There are 40 questions in chapter 38.  This is the number of trial, testing, proving, and humiliation!

  

The earth founded in space; the restless ocean shut in within the boundary of His will; the Dayspring clothing the earth as a garment; the recesses of the deep laid before His eyes; the knowledge of the mysterious gates of death; the resources in the treasuries of hail and snow; the control of the water-flood, wind, and rain; the breathing upon the waters for the formation of ice and frost; and the leading and guiding of the planets of heaven, as if they were but trifles in His hand.  None but the Sovereign Lord of heaven and the earth could thus summarize, with masterly ease, the forces at His command!

  

Then, let Job turn from the starry heavens, so vast and wonderful, and think even of the dumb creation.  Who provides for them?  God had placed in them their instincts and appetites.  If the Lord thus watcher over His dumb creation, surely He would not fail to heed the cry of his servant Job!

  

God also knows the time, season, hour, day, minute of birth and death!  Job had cried for deliverance from the travail he was in, but Jehovah alone knew the Hour when his warfare would be accomplished, the moment when his sorrows would be over, and he would emerge once more into the light of God!

  

(Teaching on Chapters 40:15 & 41 on Behemoth and Leviathan to be continued at a later study). 

  

In Job’s first reply 40: 3-5:  Job is humbled.  What answer could he give unto the God he had misjudged?  What could he say to such a revelation of His power, His infinite wisdom, and His sympathy with all the works of His hands?  Job feels contemptible mean as he remembers his language toward the Lord and how he charged Him with cruel persecution when He was but working out His purposes of love.

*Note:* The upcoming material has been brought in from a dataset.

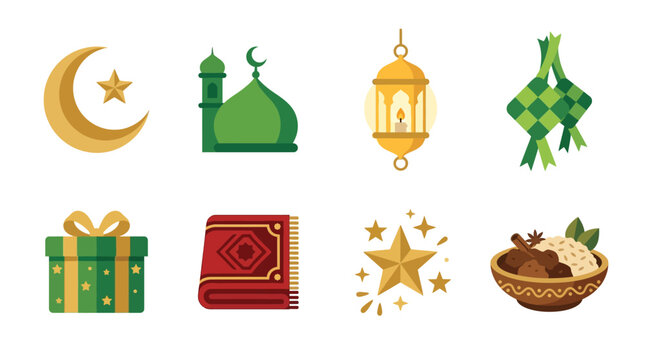 Vector set of festive Islamic icons and symbols including a mosque, lantern, and gift box for Ramadan celebrations.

All the Lord orders and directs for our life is the working out of his perfect love for us and toward us.  Job replies to Jehovah’s loving challenge that he can only put his hand upon his mouth, and confess himself silenced.  He will not speak any more as he has done.  Job is silenced, it is true; but the Lord must have from him a more frank confession of repentance, a deeper turning from himself and the past than this!

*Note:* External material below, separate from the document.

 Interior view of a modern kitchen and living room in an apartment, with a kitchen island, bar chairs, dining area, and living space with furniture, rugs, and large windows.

  So Jehovah presses the issue.  He knew that Job had not yet ceased from his clinging to his integrity!  Job feels small, but he must be brought to the dust.  Now he must be reminded that none of the power he had had over others had been his own, and learn in deeper measure his own helplessness.   In his second reply 42: 3-5, we see Job’s submission, confession of ignorance, his verdict on his past, and his self-loathing.  Job is finally vanquished!  Now he completely surrenders, and with worship of his whole being acknowledges anew the sovereign power of God, and with renewed faith gives Him His rightful, first place in his life.  The immutable Lord had waited until the furnace had fulfilled its purpose; nor had he interposed in answer unto Job’s cries of pain, because He knew that Job’s will would remain true to Him to the very end!  Job moved from hearing to the seeing realm!  There had been a gradual unfolding of Jehovah unto him.  Job knows himself and his measure at last.  He is becoming the little child that Elihu had described; one content to lie upon its Father’s heart, to know all that the father wishes it to know, and no more; content to be what the Father wishes it to be, and no less, while it rejoices with true gladness in the gifts and graces vouchsafed to others in the Father’s house.   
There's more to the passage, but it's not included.